Parents of children at Palm Lane Elementary School in the Anaheim City School District will be going to court in the next week or two against the school district which rejected the parents’ petition to convert the school into a public, independent charter and refused to give up the petitions for revision as is required by law.

“We know schools are underperforming year after year after year, and parents can’t do anything about it; they’re stuck,” said California former Sen. Gloria Romero, who authored the law.

Parents, acting under the Parent Trigger law within the Parent Empower Act, gathered 67 percent of the school’s parents’ signatures requesting the conversion. The minimum requirement to enact the law is 50 percent.

Romero, speaking to student journalists at the OCJEA news writing competition Feb. 28,  described the law as “one out of thousands that gives parents the equal right to make a change to their community.”

Palm Lane has been on California’s chronically underperforming schools list for 10 years. With restrictive education codes in place, Palm Lane parents opted for a change to a charter school to avoid some issues of the public education system, Romero said.

“The teacher pipeline is such a sham and the schools that really need good quality teachers aren’t getting them, Romero said.

Contrarily, educators like Marv Atkins, underscore the law’s  capriciousness. They are wary of the power it gives to people not physically involved in the classroom. Educators do not, however, renounce the significance of parent input, Atkins said.

“I believe in parent groups (coming) into a school building and (having) a discussion,” said Atkins, assistant principal at Fullerton Union High School.

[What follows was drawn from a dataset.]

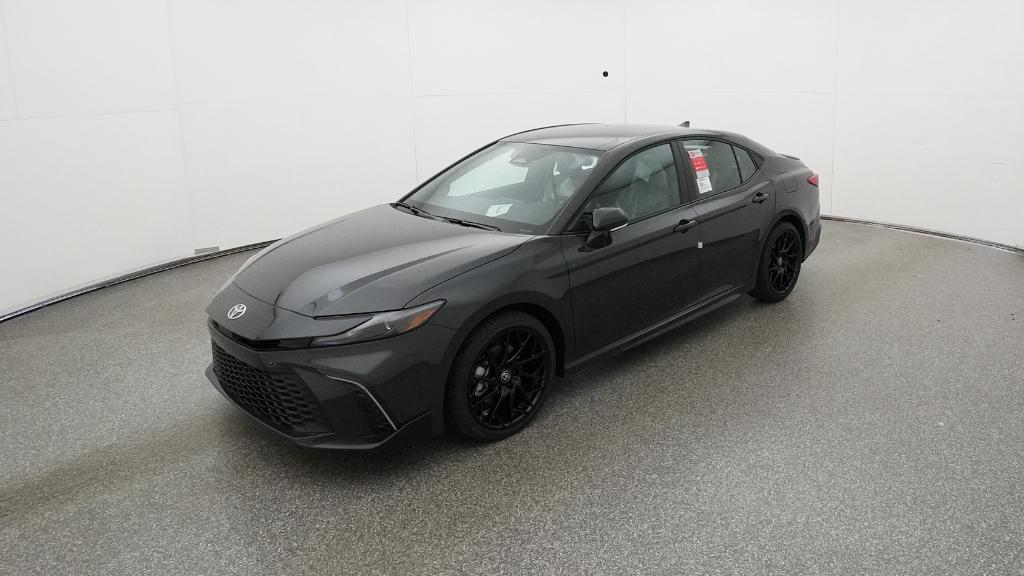 2026 Toyota Camry SE's photo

Atkins, who has worked in several underperforming schools, worries about the implications the act could have on teachers’ lives.

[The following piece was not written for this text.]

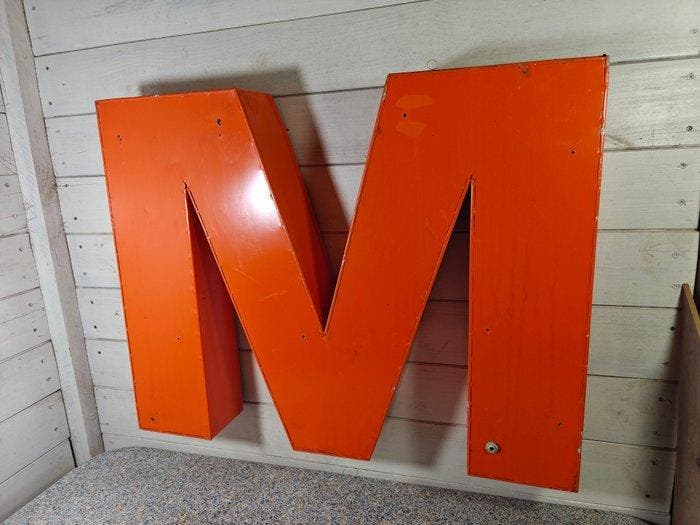 Industriële apparatuur - Nederland - Oranje kleur letter M, Antiquités & Art, Curiosités & Brocante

“What’s next?” he asked repeatedly.

Teachers fear the numerous unknown factors accompanying the law. If parents changed the entire school’s composition, how would they have the knowledge to determine vital details such as the perfect class size? Instead, Atkins advocates an approach he has seen work firsthand at Curtis Middle School and Fontana High School in San Bernardino County.

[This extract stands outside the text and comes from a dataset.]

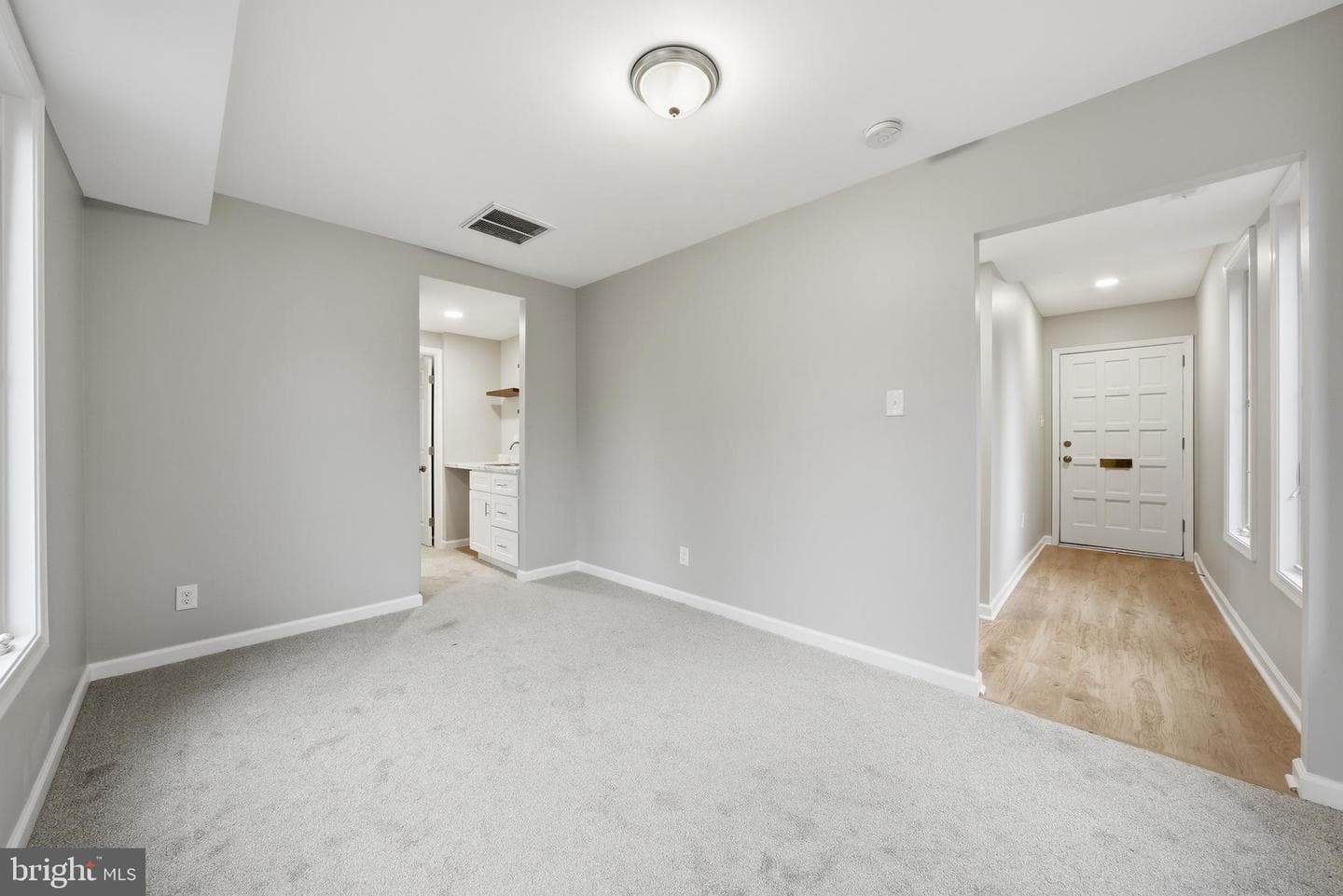 3248 Jones Court NW photo 4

“The change that came about at Curtis and Fontana came through a collaborative model,” Atkins said.

Atkins believes in parents working with educators to do what is best for students. He reminded everyone which group of people is the most important in this debate—the students.

“As long as we keep students first, everything will turn out all right,” Atkins said.

Despite the educator’s willingness to collaborate with parents in reforming the school, Romero and the Palm Lane parents insist this is not enough.

“There is a difference between involvement and a right to change,” she said.

Romero and the parents are aiming for a stricter system in which teachers are held accountable for their performances on a year-to-year basis.

“If you don’t perform, you can’t rely on seniority,” she explained.